Search code examples
pythonseleniumscreen-scraping

Scraping with Selenium not showing all data (possible duplicate)


I was trying to make a simple code for scraping a dynamic website (a newbie with Selenium here). The data I intended to scrape is the product name and the price. I ran over the code and it worked, but only showed 10 entries, while there are 60 entries for each page. Here is the code:

import pandas as pd
from selenium import webdriver
from selenium.webdriver.chrome.service import Service
from webdriver_manager.chrome import ChromeDriverManager
from selenium.webdriver.common.by import By

driver = webdriver.Chrome(service=Service(ChromeDriverManager().install()))
driver.get('https://www.tokopedia.com/p/komputer-laptop/media-penyimpanan-data') # the link

product_name = driver.find_elements(By.CSS_SELECTOR, value='span.css-1bjwylw')
product_price = driver.find_elements(By.CSS_SELECTOR, value='span.css-o5uqvq')

list_product = []
list_price = []

for i in range(len(product_name)):
    list_product.append(product_name[i].text)

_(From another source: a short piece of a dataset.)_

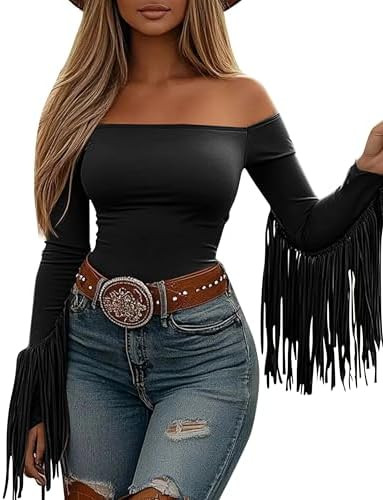 Fringe Tops for Women Western Cowgirl Off The Shoulder Fall Long Sleeve with Tassels Stretchy Cro... | Amazon (US)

for j in range(len(product_price)):
    list_price.append(product_price[i].text)

driver.quit()

df = pd.DataFrame(columns=['product', 'price'])
df['product'] = list_product
df['price'] = list_price
print(df)

I used the chromedriver installer instead of downloading the driver first and then locating it because I just thought it was just a simpler way. Also, I used Service instead of Options (many tutorial using Options) because I got some errors with it, and with Service it worked out fine. Oh, and I used PyCharm, if that just makes sense of something, maybe.

Any help or suggestions will be very much appreciated, thank you!


Solution

  • According to me you need to scroll down to bottom of the page first for all 60 of data to be loaded. As website is dynamic and as you scroll below data gets loaded. You can use javascript script for scrolling via webdriver as follows: driver.execute_script("window.scrollTo(0, document.body.scrollHeight);") add this below driver.get() and before find_elements().

    Don't forget to use sleep after scroll as it require time to get loaded.